I don’t know what to say. I don’t know what to do. So I’ll just share a story.
At bedtime for the last few weeks, my daughters are choosing a book that I bought in February to honor Black History Month. The book tells the stories of forty four African American individuals in history who made a difference in the lives of black and white Americans. My oldest daughter’s favorite story is about Simone Biles. My youngest daughter’s favorite story is about Stevie Wonder. Both stories appropriately picked for what I know about each of their young personalities.
In this book there are stories about the underground railroad, civil rights, marches, and slavery. There are stories about musicians and athletes, presidents and Nobel Peace prize winners. The girls ask questions, they laugh, they get sad, and they get distracted by a beetle running across the floor. My daughters talk about how they are black and brown and how my husband and I are white.
The book tells of racial issues as stories of the past. My girls ask why people used to treat black people that way.

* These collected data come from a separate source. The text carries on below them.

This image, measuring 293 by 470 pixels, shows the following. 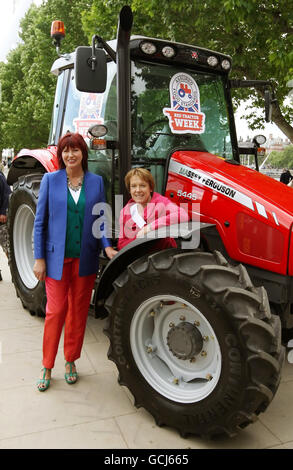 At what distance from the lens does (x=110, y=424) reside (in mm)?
2656

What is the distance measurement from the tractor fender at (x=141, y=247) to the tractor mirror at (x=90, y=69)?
1061 mm

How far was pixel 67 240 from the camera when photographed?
302 cm

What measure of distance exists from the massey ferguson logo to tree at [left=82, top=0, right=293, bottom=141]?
9.23ft

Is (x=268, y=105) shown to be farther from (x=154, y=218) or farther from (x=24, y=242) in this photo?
(x=24, y=242)

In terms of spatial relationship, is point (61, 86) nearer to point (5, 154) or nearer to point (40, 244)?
point (40, 244)

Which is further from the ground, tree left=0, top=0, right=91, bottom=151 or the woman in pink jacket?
tree left=0, top=0, right=91, bottom=151

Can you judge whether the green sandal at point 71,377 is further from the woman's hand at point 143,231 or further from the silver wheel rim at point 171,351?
the woman's hand at point 143,231

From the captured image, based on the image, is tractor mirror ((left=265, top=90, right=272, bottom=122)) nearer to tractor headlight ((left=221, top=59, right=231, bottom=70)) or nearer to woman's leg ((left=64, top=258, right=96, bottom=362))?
tractor headlight ((left=221, top=59, right=231, bottom=70))

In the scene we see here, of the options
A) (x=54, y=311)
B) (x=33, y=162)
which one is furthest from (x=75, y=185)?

We say we do not know. We want to say that our world is not like that anymore. We want to say that no one will ever treat them as less than because of their skin. But we know that this is not true.

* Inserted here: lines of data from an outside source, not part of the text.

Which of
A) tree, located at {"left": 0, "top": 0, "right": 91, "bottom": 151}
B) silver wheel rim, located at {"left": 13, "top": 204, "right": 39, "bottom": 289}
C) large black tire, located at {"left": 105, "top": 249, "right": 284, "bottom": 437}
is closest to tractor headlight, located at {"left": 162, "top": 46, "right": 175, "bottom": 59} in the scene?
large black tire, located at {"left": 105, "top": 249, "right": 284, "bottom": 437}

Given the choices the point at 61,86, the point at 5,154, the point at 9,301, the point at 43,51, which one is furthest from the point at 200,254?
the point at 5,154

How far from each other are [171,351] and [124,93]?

I want to be honest with my daughters and tell them how everything has changed and how nothing has changed. I want to prepare their little hearts but I also want to protect their little hearts. At their age, their world revolves around “twirlable” dresses, a pet grasshopper, and the desire to get a dog. They are in a school where they see loving classmates and families of multiple colors and ethnicities. They have yet to hear the “n word” except when we play an unclean version of a Jay Z song.

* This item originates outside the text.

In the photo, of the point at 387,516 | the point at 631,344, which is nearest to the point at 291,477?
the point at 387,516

So I sit and I process. I read and I listen. I struggle. I ask myself questions. And sometimes when I feel brave enough, I ask other people questions.
Because my children are black, we are having these conversations. If my children were white, would we have these conversations? If my children were white, would I be writing this? Probably not.
What I do know is that my children are black, my neighbors are black, and my pastor is black. What I do know is that although all lives matter, the only ones in danger right now are black. And Black Lives Matter.